In a recent study published in the Journal of Medical Virology, researchers analyzed the efficacy of severe acute respiratory syndrome coronavirus 2 (SARS-CoV-2) vaccines in preventing SARS-CoV-2 infection among cancer patients.
Study: The efficacy of BNT162b2 (Pfizer–BioNTech) and CoronaVac vaccines in patients with cancer. Image Credit: cortex-film / Shutterstock
Coronavirus disease 2019 (COVID-19) vaccination is one of the most efficient approaches for preventing SARS-CoV-2 infections and has a critical role in reducing the catastrophic consequences of COVID-19, particularly in cancer patients who have a poorer prognosis than the general public.
Although clinical trials have shown that vaccinations against SARS-CoV-2 have a high effectiveness rate, the impact of these vaccines on cancer patients is yet unknown. Existing reports depicted low seroconversion rates following full-dose (minimum two-dose) COVID-19 vaccinations in cancer patients compared to healthy controls. Moreover, there is little information on SARS-CoV-2 infections in cancer patients following COVID-19 vaccination.
About the study
In the present retrospective, single-center, descriptive, and cross-sectional study, the researchers evaluated the potency of the COVID-19 CoronaVac and BNT162b2 (Pfizer–BioNTech) vaccines against SARS-CoV-2 infections in individuals with cancer. The investigators analyzed the information from cancer patients sent to a university hospital's medical oncology clinic from March 2020 to December 2021. The study included 2578 cancer patients with a history of SARS-CoV-2 infection or who were COVID-19 vaccine recipients. Patients who got the SARS-CoV-2 vaccine following COVID-19 and whose vaccination status or precise date of vaccination were uncertain were excluded from the study.
The researchers utilized a data collection form with three sections: 1) descriptive data about patients, 2) COVID-19 details, and 3) data on the SARS-CoV-2 vaccination for procuring data. They gathered information from patient information systems, patient files, and the Ministry of Health's database.

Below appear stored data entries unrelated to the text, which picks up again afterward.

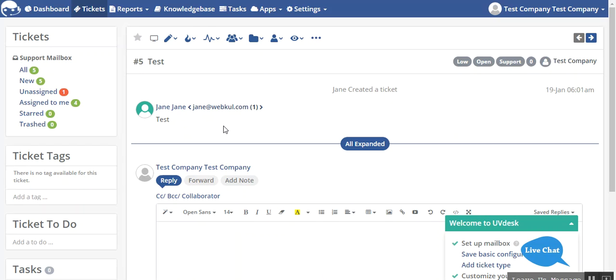So like this you can create tickets using the form builder app. If you have any doubt regarding this module you can raise a ticket at support@uvdesk.com. Thank you very much for watching this video tutorial.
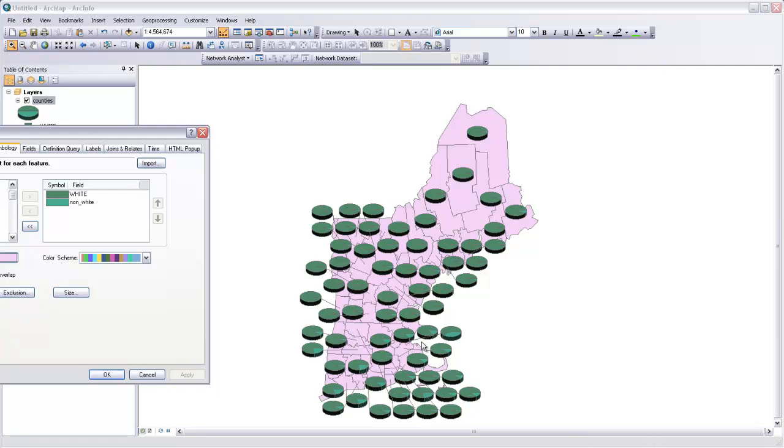Nonetheless, we can already start to pick out some relationships. Most of Northern New England is very homogenous racially, and then as you start to get into Southern New England, in Massachusetts and Rhode Island and Connecticut, there's more minority population.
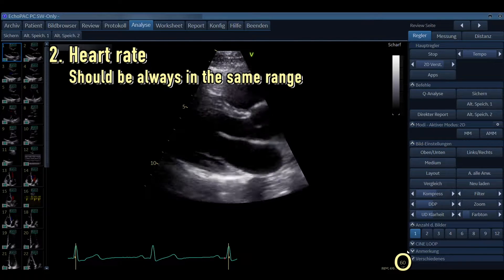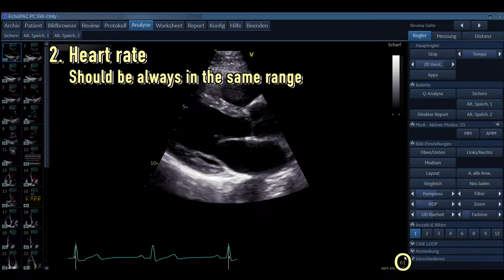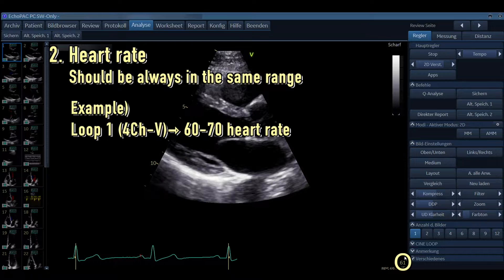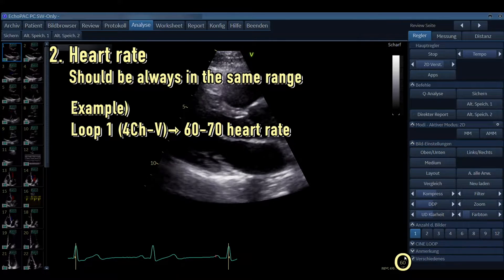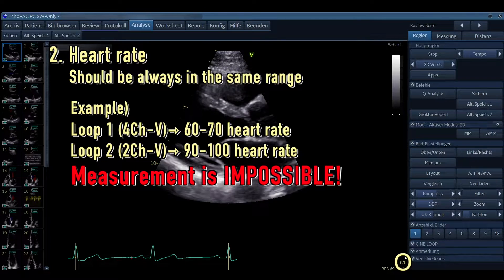Another important thing to check is the heart rate. The heart rate should always be in the same range — a few beats per minute difference won't affect your measurements. But for example, if you have atrial fibrillation and you want to do a left ventricular strain, and you have a heart rate of 60 to 70 in one loop — the four chamber view — and 70 to 100 in the next loop, the two chamber view, then the measurement won't be possible.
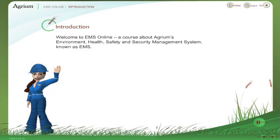Hi, and welcome to EMS Online. My name is Aggie. I'm going to guide you through this course which is all about Agrium's Environment, Health, Safety and Security Management System, commonly known as EMS.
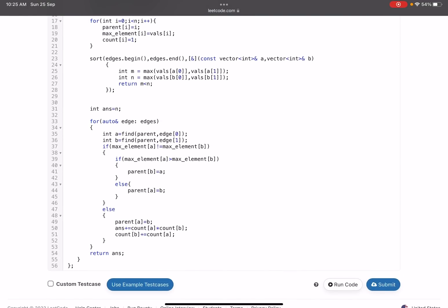On line 37, if max_element[a] is not equal to max_element[b], we merge by making the higher-max-value subtree the parent — parent[b] = a if max[a] > max[b], else parent[a] = b. If both are equal, we make one the parent of the other, then add count[a] × count[b] to the answer, and update count[a] += count[b].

Data from 2578 cancer patients were collated and documented on data collection forms. Receipt of at least two doses of either BNT162b2 or CoronaVac four weeks apart was considered full-dose vaccination in this research. A positive reverse transcription-polymerase chain reaction (RT-PCR) test 28 days following the last dose of vaccine was deemed the SARS-CoV-2 diagnosis.
Results and discussions
According to the study results, of the 2,578 cancer patients, 20,00 did not have a prior COVID-19 status, and 578 patients displayed a history of RT-PCR-confirmed COVID-19. In addition, 2,094 patients were fully vaccinated against COVID-19, whereas 484 volunteers did not get the two-dose vaccination. There was a statistically relevant difference in SARS-CoV-2 incidence between participants who received full-dose BNT162b2 vaccination and those who did not.
All other full-dose vaccinated cancer patients, including two-dose CoronaVac, two-dose CoronaVac+one-dose BNT162b2 vaccine, and three-dose CoronaVac, had a lower COVID-19 incidence than patients who did not get full-dose vaccination. Although there was no variation in SARS-CoV-2 occurrence between the two-dose BNT162b2 vaccine and the three-dose CoronaVac vaccine, a statistically relevant disparity existed among all other cohorts in the in-group analyses of full-dose vaccinated participants.
The analysis of 578 cancer patients with a history of SARS-CoV-2 infection illustrated a statistically relevant variation regarding COVID-19 incidence between those who received full-dose vaccination and those who did not. Nevertheless, inter-group analysis among full-dose vaccinated cohorts revealed no statistically significant variation.
The researchers assessed whether there was a link between COVID-19 vaccine doses and vaccine types delivered during chemotherapy in patients who received full-dose vaccination due to the established unfavorable impacts of chemotherapy on the immune response. However, no patients got regular corticosteroid therapy during the research period. Further, anti-SARS-CoV-2 antibody concentrations were not assessed after the COVID-19 vaccination in this study.
Overall, the authors summarized that full-dose SARS-CoV-2 vaccination protected cancer patients from COVID-19.
The study findings demonstrated that COVID-19 vaccination was an essential factor in protecting the cancer patients from SARS-CoV-2 infection like the common public. However, SARS-CoV-2-linked public health precautions like maintaining social distance, wearing a mask outside the house, and vaccinating close contacts of cancer patients should not be overlooked. The current study indicated that booster shots of SARS-CoV-2 vaccinations reduced the risk of COVID-19 in cancer patients. Therefore, booster doses of vaccinations against microbes that might cause novel pandemics in the future should be contemplated for cancer patients, although the experience was limited to the SARS-CoV-2 pandemic.
Collectively, based on the study findings, the researchers urge that COVID-19 vaccination initiatives should target this susceptible patient category, namely cancer patients, and a full-dose vaccination, i.e., minimum of two vaccine doses, should be completed among them as soon as feasible.